Pour l'application du présent article, la notion de groupe désigne le groupe formé par une entreprise appelée entreprise dominante et les entreprises qu'elle contrôle dans les conditions définies à l'article L. 233-1, aux I et II de l'article L. 233-3 et à l'article L. 233-16 du code de commerce.
Le reclassement du salarié s'effectue sur un emploi relevant de la même catégorie que celui qu'il occupe ou sur un emploi équivalent assorti d'une rémunération équivalente. A défaut, et sous réserve de l'accord exprès du salarié, le reclassement s'effectue sur un emploi d'une catégorie inférieure.
L'employeur adresse de manière personnalisée les offres de reclassement à chaque salarié ou diffuse par tout moyen une liste des postes disponibles à l'ensemble des salariés, dans des conditions précisées par décret.
Les offres de reclassement proposées au salarié sont écrites et précises.'
Les possibilités de reclassement s'apprécient à la date à laquelle le licenciement est envisagé, puis mis en oeuvre.
Le périmètre du reclassement interne est l'entreprise et lorsqu'elle appartient à un groupe, il est étendu aux autres entreprises du groupe parmi celles dont les activités, l'organisation
ou le lieu d'exploitation leur permettent d'effectuer la permutation de tout ou partie du personnel.
En l'espèce, la société intimée appartient au groupe [5] Hôtels, composé au jour des recherches de reclassement et du licenciement de trois entités, l'[1], l'[2] de [Localité 3] et, nouvellement acquis, l'[4] [Localité 4], tous trois appartenant à la même catégorie d'hôtels ( classés 4 étoiles) ; le périmètre de reclassement, au regard de l'identité des services présentés et de la clientèle visée, correspond donc en l'espèce au secteur d'activité de l'ensemble du groupe [5] Hôtels.
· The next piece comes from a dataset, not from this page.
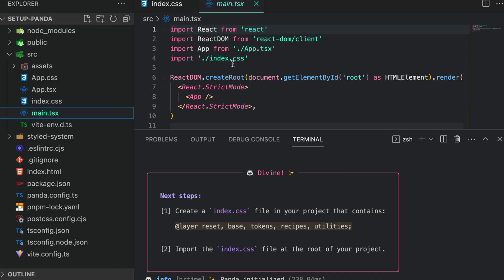This organizes your CSS styles into different layers, ensuring a clean and structured approach to styling.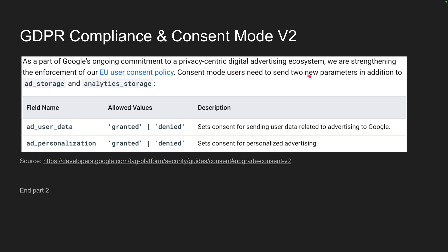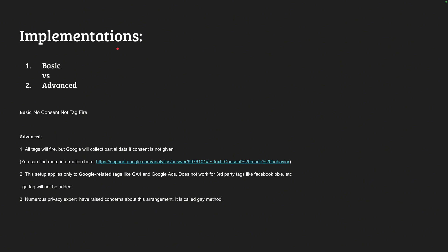In Consent Mode Version 2, users need to send two new parameters in addition to ad storage and analytics storage — meaning we need to include these two consent parameters. Luckily, the cookie consent banner handles all three for us with a single button: ad storage, ad user data, and ad personalization. You can go to the linked resource to learn more. Consent Mode Version 2 is concerned with five things: ad storage, analytics storage, and the two newly added ones — ad user data and ad personalization — to meet all GDPR compliance requirements. Now we will discuss the implementation of our tags.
Pourtant, les pièces produites ne permettent pas de vérifier que les recherches de postes disponibles ont été effectuées par l'employeur au sein des trois entités constituant le groupe, la seule production du registre du personnel de l'[4] [Localité 4] n'étant pas suffisante, d'autant que le document d'information transmis aux représentants du personnel évoque seulement des recherches au sein de l'[2] de Megève.
Au surplus, la copie du registre du personnel de l'établissement nouvellement acquis, pour la période allant du 1er octobre 2019 au 30 juin 2020, révèle plusieurs recrutements opérés en son sein en fin d'année 2019 et en début d'exercice 2020, sur des postes qui n'ont pas été proposés à la salariée.
L'employeur ayant donc manqué à son obligation de recherche de reclassement, il doit être condamné à indemniser la salariée pour ce licenciement dépourvu de cause réelle et sérieuse.